[Caption-style text data]
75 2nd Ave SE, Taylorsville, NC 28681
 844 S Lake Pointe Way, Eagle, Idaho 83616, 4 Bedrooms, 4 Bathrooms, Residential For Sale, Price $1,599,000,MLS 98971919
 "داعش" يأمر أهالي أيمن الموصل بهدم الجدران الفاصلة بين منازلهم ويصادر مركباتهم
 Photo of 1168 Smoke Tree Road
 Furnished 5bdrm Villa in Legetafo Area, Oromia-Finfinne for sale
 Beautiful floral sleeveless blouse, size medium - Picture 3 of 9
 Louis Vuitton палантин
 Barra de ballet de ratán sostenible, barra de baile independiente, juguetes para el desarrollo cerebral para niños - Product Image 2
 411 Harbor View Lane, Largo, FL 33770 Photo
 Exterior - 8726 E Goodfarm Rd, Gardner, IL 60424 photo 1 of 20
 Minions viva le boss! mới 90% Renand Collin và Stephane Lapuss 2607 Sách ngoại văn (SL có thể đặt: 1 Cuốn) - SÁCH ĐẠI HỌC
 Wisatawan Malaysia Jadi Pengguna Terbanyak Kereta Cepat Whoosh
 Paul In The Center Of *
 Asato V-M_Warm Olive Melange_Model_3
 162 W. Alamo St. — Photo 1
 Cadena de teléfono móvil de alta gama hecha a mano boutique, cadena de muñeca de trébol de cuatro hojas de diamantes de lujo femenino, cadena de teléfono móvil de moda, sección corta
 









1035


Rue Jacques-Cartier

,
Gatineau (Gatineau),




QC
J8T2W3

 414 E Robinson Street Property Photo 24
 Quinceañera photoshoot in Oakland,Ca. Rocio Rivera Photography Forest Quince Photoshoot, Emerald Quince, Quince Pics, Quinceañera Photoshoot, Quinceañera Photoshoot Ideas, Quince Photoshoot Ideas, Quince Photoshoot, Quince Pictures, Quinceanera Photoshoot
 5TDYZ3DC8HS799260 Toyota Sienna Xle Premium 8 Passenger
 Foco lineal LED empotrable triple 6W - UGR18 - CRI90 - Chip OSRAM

Prompt: Return the lines above, starting at the one that contains "Minions viva le" and running through the last, exactly as they appear, with no extra lines.

Exercise output:
 Minions viva le boss! mới 90% Renand Collin và Stephane Lapuss 2607 Sách ngoại văn (SL có thể đặt: 1 Cuốn) - SÁCH ĐẠI HỌC
 Wisatawan Malaysia Jadi Pengguna Terbanyak Kereta Cepat Whoosh
 Paul In The Center Of *
 Asato V-M_Warm Olive Melange_Model_3
 162 W. Alamo St. — Photo 1
 Cadena de teléfono móvil de alta gama hecha a mano boutique, cadena de muñeca de trébol de cuatro hojas de diamantes de lujo femenino, cadena de teléfono móvil de moda, sección corta
 









1035


Rue Jacques-Cartier

,
Gatineau (Gatineau),




QC
J8T2W3

 414 E Robinson Street Property Photo 24
 Quinceañera photoshoot in Oakland,Ca. Rocio Rivera Photography Forest Quince Photoshoot, Emerald Quince, Quince Pics, Quinceañera Photoshoot, Quinceañera Photoshoot Ideas, Quince Photoshoot Ideas, Quince Photoshoot, Quince Pictures, Quinceanera Photoshoot
 5TDYZ3DC8HS799260 Toyota Sienna Xle Premium 8 Passenger
 Foco lineal LED empotrable triple 6W - UGR18 - CRI90 - Chip OSRAM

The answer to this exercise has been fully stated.